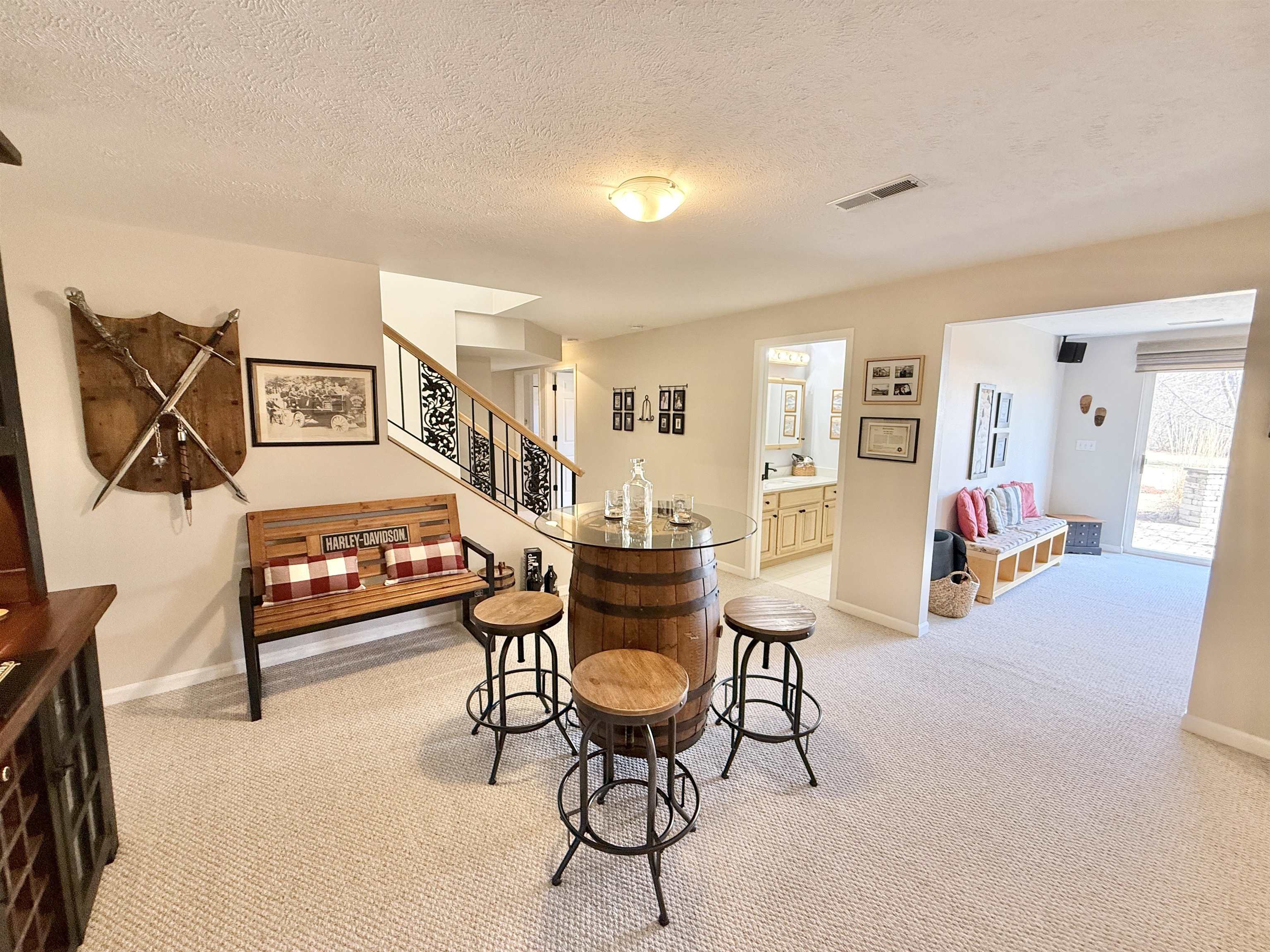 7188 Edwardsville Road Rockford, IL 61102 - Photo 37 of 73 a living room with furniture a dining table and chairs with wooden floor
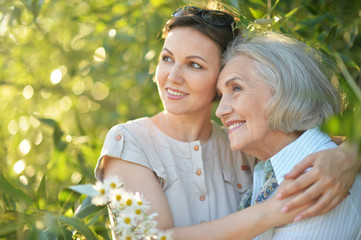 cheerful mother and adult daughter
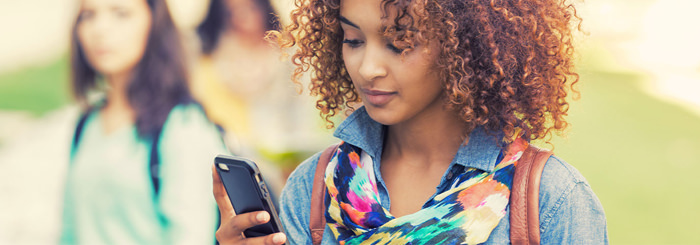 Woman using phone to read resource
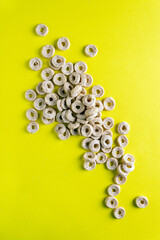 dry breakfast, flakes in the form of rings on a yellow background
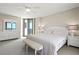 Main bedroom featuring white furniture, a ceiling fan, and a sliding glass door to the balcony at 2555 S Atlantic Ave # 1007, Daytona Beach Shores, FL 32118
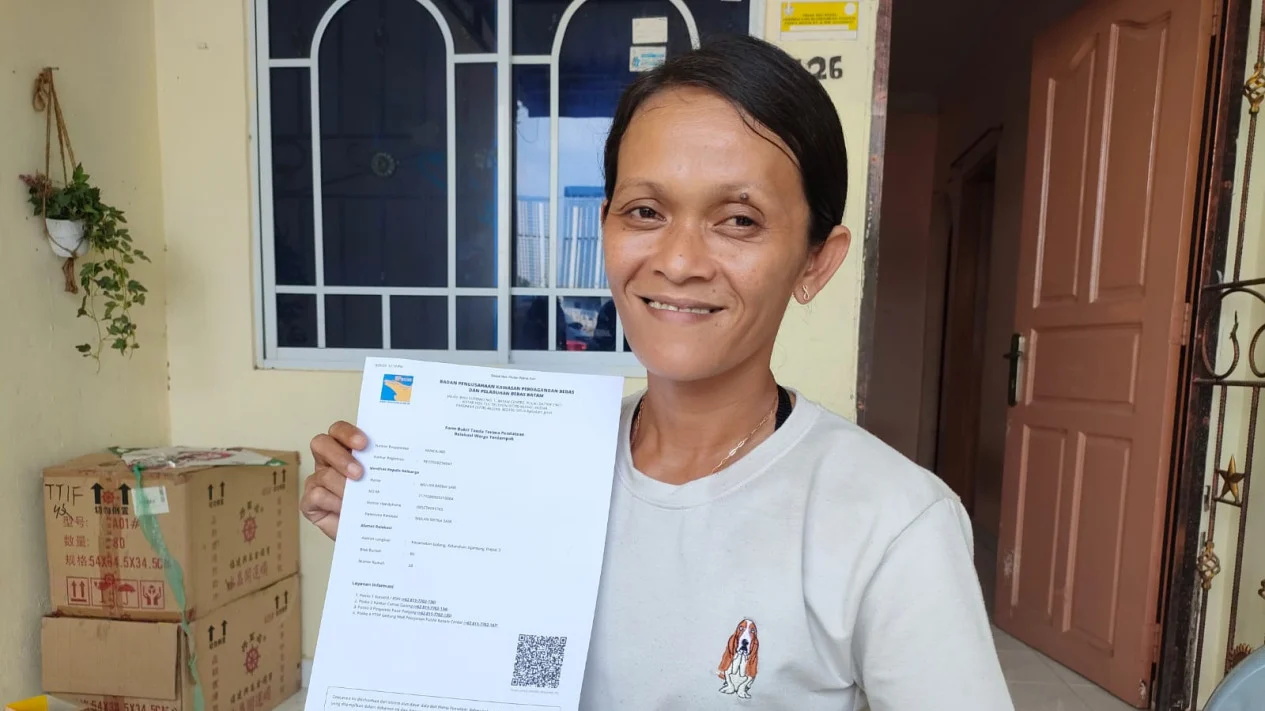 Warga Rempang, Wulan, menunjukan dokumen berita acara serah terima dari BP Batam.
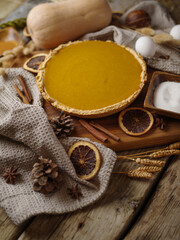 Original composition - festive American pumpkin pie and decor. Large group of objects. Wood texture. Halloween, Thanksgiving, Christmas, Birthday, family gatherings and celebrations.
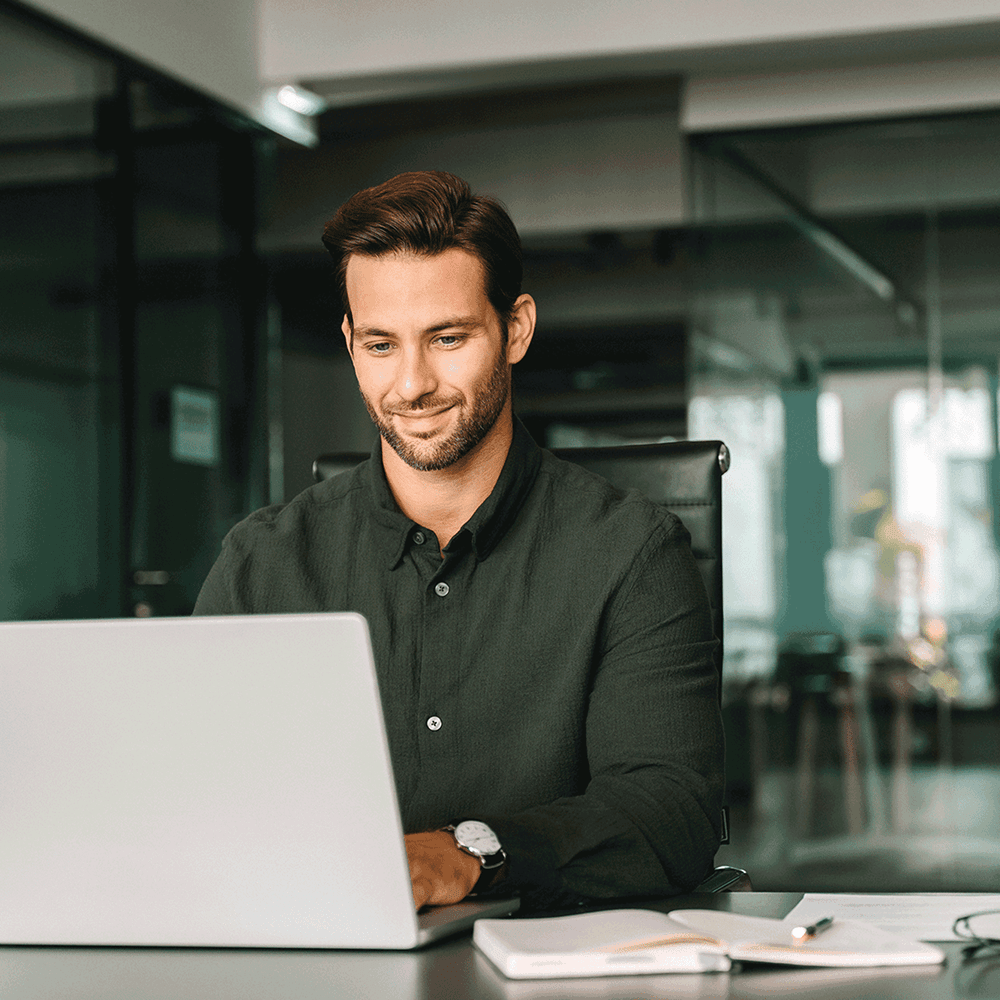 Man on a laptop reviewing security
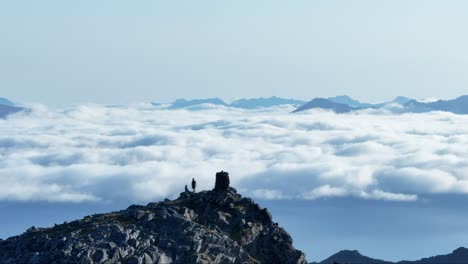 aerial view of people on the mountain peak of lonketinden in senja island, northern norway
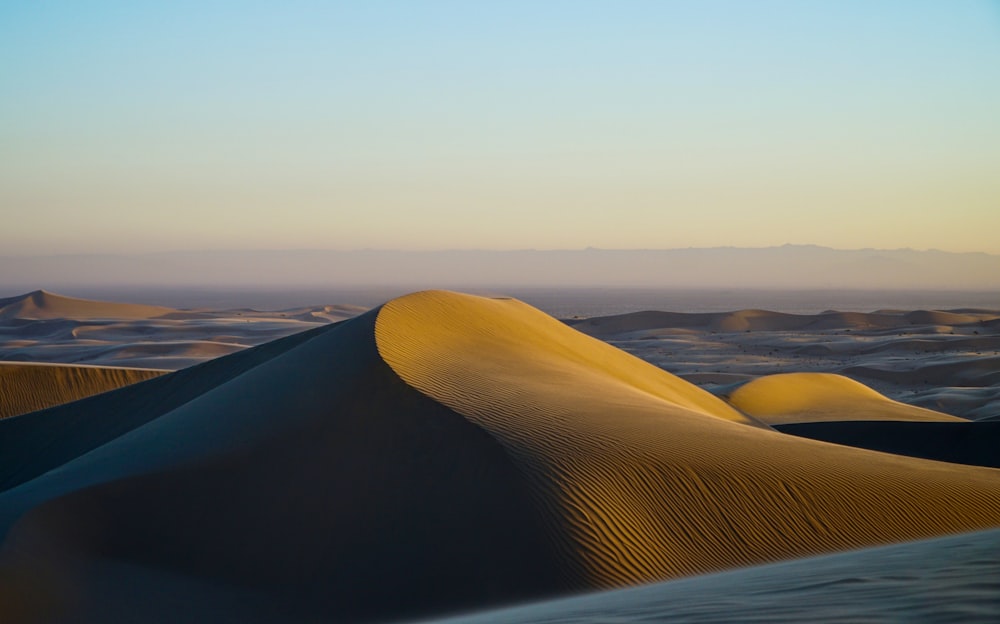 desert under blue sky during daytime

§ Required action:
Once you find the line containing "Man on a laptop reviewing security", transcribe it and each line after it to the end of the records exactly, and leave out the pictures.

§ Solution to this task:
 Man on a laptop reviewing security
 aerial view of people on the mountain peak of lonketinden in senja island, northern norway
 desert under blue sky during daytime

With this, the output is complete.